Five, Wonder, Shazam, Hellboy, Spirit, Link, Dumbo, Endgame, Tolkien

WAY behind on movies; it’s been more than two months, and that adds up, even at less than one movie a week.

“Five Feet Apart” is a “young dying people in love” movie. It is a pretty solid example of a bizarre and highly questionable micro-genre.

“Wonder Park” is a strangely narrowly targeted animated thing. It’s a bit too complex and scary for really young kids, and offers NOTHING for anyone with the least pretense of adulthood.

“Shazam” is a fun and silly almost-spoof superhero movie. It benefits a great deal from the trend for stories about obscure and unloved characters to be better than expected.

“Hellboy” ties a large quantity of mangled Arthurian legend into the Hellboy universe, and the result is a train wreck that manages to be moderately amusing anyway. 

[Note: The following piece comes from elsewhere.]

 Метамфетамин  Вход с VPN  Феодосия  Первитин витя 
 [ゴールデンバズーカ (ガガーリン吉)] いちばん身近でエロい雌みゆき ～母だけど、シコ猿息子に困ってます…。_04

“Teen Spirit” is a triumph of the underdog story that happens to be largely based in real life. It’s a well done example of a genre that is reliably hard to mess up.

“Missing Link” is an animated thing that marginally exceeds it significantly low expectations.

“Dumbo” has some great effects, but suffers from its central conceptual flaw: the original movie STARRED Dumbo, and in this version, he is really only a McGuffin around which the human actors circle. Given that the original plot was a soap bubble, it’s not surprising that the resulting story is far less than compelling.

“The Avengers: Endgame” has a silly/ stupid plot, and an epicly lame villain, but it has MANY (probably too many) really wonderful character moments that pretty much pay the freight.

“Tolkien” is a moderately accurate, rather sleepy, and somewhat pretentious rendition of the first half of Tolkien’s life. The last line of the movie isn’t spoken, but rather calligraphed, and if you didn’t know what it was going to be before the pen hit the paper, you weren’t paying attention. It ripped my heart out anyway.